ATHENS — This is different. This is worse. This is bad.
Jonathan Ledbetter was pulled over and arrested for DUI in the wee hours of Sunday morning. We’re still waiting to get all the details, but that’s pretty much all we need to know.
What we don’t know at this very moment is how Georgia’s first-year head coach Kirby Smart is going to handle this. And at this point that’s becoming an increasingly important factor in his brief tenure with the Bulldogs.
UGA student-athlete policy states that a DUI arrest means an automatic two-game suspension for football players. That, plus some punitive inside discipline and a whole lot of counseling and intervention.
Where Ledbetter’s situation gets complicated is what Smart was already having to deal with . Lest we forget, this is the second time the sophomore defensive end from Tucker has been hauled off to Athens-Clarke County Jail for a drinking-related offense. That other time, Ledbetter was busted for trying to use a fake ID to get into a bar and underage possession. According to that police report, Ledbetter was charged with possession because he was already intoxicated as he tried to get into this bar after midnight.
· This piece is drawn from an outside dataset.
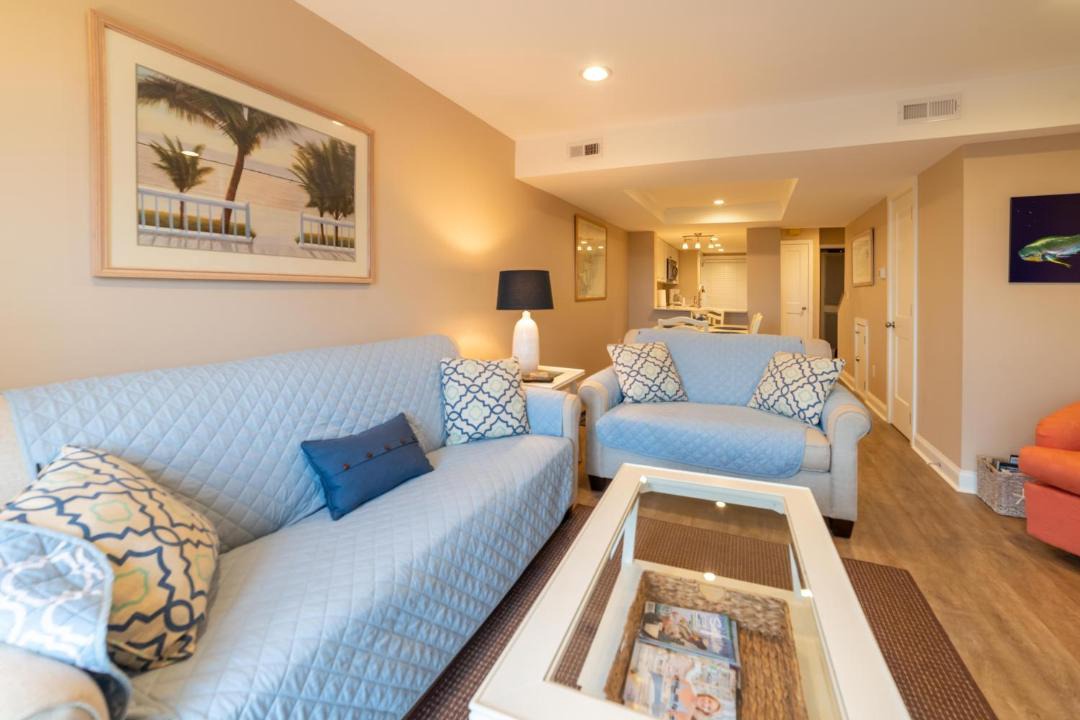 Photo of Livingroom in Oceanmarsh Subdivision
Those charges eventually were dismissed.
To be clear, substance abuse is a problem at all levels of society, especially at colleges and universities, and that’s the most important aspect of this situation, that Ledbetter gets help. And Georgia has policies and procedures in place that ensure he will.
The dispensation of discipline is where it gets complex. Smart reacted quickly to Ledbetter’s first arrest and announced that the projected starter at defensive end would be suspended for one game, presumably the first one. Later, after the charges against Ledbetter were dropped, Smart became vague about whether the original suspension would stand. Publicly at least, that was left unclear.
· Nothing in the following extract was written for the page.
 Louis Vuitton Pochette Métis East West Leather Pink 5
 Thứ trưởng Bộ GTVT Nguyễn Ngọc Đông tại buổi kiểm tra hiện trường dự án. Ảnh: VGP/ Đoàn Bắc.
We’re assuming Ledbetter knew what was the deal was, however. And whatever it was, it wasn’t enough to deter him from drinking again and getting behind the wheel of a car. In fact, he upped the ante by endangering other people this time. Whatever lenience he was provided via his second chance doesn’t look like such a good idea now.
In fact, if you go back and review the seven arrests involving Georgia players in less than four months, you’ll see that three of them came after the offenders were given a second chance. Like Ledbetter, Chauncey Rivers and Chad Clay were both allowed to return to the team. But then each one stumbled again and they were dismissed.
Does the same fate await Ledbetter? And what will it say if it doesn’t?
As it is, all these arrests say something about the discipline of the Georgia football team. But, to me, it’s says more about the football team’s attitude toward the young head coach.
After Clay was dismissed last month, Smart called the Bulldogs together for a team meeting. Word is, Smart went off on the players that day. He scolded them for putting him and the university in an uncompromising position with their bad behavior. He implored them to look out for each other like brothers.
That, my friends, was just three weeks ago. It doesn’t seem like Smart’s message got through too well, does it? At this point, that says as much about Smart as it does the team’s lack of discipline.
Mark Richt encountered a similar situation several years back as Georgia’s head coach and it forever changed the way he handled discipline. He became more no-nonsense, more strict after that. People started talking about how the Bulldogs were too tough on their own players.
You could argue that a lot of these guys that have run afoul of the law lately were Richt’s recruits. Clay and Julian Rochester were freshmen handed off to Smart’s staff in this past recruiting cycle, but the others were identified and enlisted by Richt’s staff.
But they’re Smart’s players now. And the early reviews on that is the new coach isn’t getting much respect from his new charges.